AOPA, EAA Trade Words With GA-Bashing USA Today Editorial

Nationwide Newspaper Calls For Aviation User Fees

AOPA defended general aviation to the rest of the world on Thursday, after a USA Today editorial claimed airline passengers "subsidize" general aviation. In an opposing view piece published alongside the paper's editorial, AOPA President Phil Boyer explained to USA Today readers that the current system is a single structure, designed for the airlines.

"Our elected representatives in Congress wisely created a national air transportation system," Boyer wrote. And just as trucks — which place a greater strain on the national highway system — pay higher taxes and fees than family cars, the airlines must carry a greater portion of the financial burden for the nation's air traffic control system.

The USA Today editorial was prompted by and uses much of the same rhetoric as an editorial that Northwest Airlines CEO Richard Anderson wrote for his airline's in-flight magazine. In fact, it quotes the article in suggesting that other facets of aviation subsidize GA. Further, the article suggests airline passengers are paying a big part of that subsidy.

USA Today agreed, saying that "government studies show that the approximately $190 million a year in fuel taxes paid by "general aviation," as non-commercial flights are known, don't come close to covering the services these planes use."

Responding to the USA Today op-ed piece, Boyer said, "Virtually all of the problems with the air traffic control system cited in the USA Today editorial are problems of the airlines' own making. The delays that the FAA and the airlines are already forecasting for this summer are largely due to the hub-and-spoke system that the major airlines rely on. The hub-and-spoke system creates unrealistic arrival and departure schedules at the major hub airports. Summertime storms only compound the problem."

The EAA also responded to the USA Today editorial with an op-ed piece of its own, posted on the organizations website. The EAA piece blasted USA Today for depicting "all general-aviation operators as "well-heeled" and alluding to the "private-plane lobby" that is preventing user-fee operations to be established. Part of EAA’s mission of protecting the right to fly includes ensuring that recreational aviation participants are not burdened with unfair expenses for facilities and services they rarely, if ever, use."

"It is apparent that USA Today is pandering to its large readership that travels through the nation’s major airport terminals," said Earl Lawrence, EAA’s Vice President of Government and Industry Relations. "General aviation operations are not causing municipalities to build expensive new terminals, longer runways and parking garages. Airline operations are. And those tremendously expensive facilities are being paid for by those who demand those facilities and services - the airlines and their passengers."

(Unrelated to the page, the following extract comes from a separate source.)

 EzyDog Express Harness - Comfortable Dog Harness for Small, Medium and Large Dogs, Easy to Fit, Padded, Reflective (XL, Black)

AOPA says the USA Today editorial is incorrect in claiming most GA flights use air traffic control separation services. In fact, the vast majority of GA flights are conducted under visual flight rules, requiring only minimal contact with controllers and placing almost no direct burden on the system.

"The air traffic control system is designed to serve the airlines," wrote Boyer in USA Today. "Most small planes use few, if any, of these services.

"The airlines pay a modest federal fuel tax of four cents a gallon. Conversely, general aviation flights fund their use of the system through a fuel tax five times what the airlines pay."

"We concur with Phil Boyer’s counterpoint editorial," Lawrence said. "We would add that EAA members, who mostly pursue recreational aviation activities in day VFR conditions, use primarily noncommercial airports and even fewer services during their flying. That means if the USA Today proposal were to become reality, these pilots would be paying a higher, disproportionate share of the expense for something they rarely use."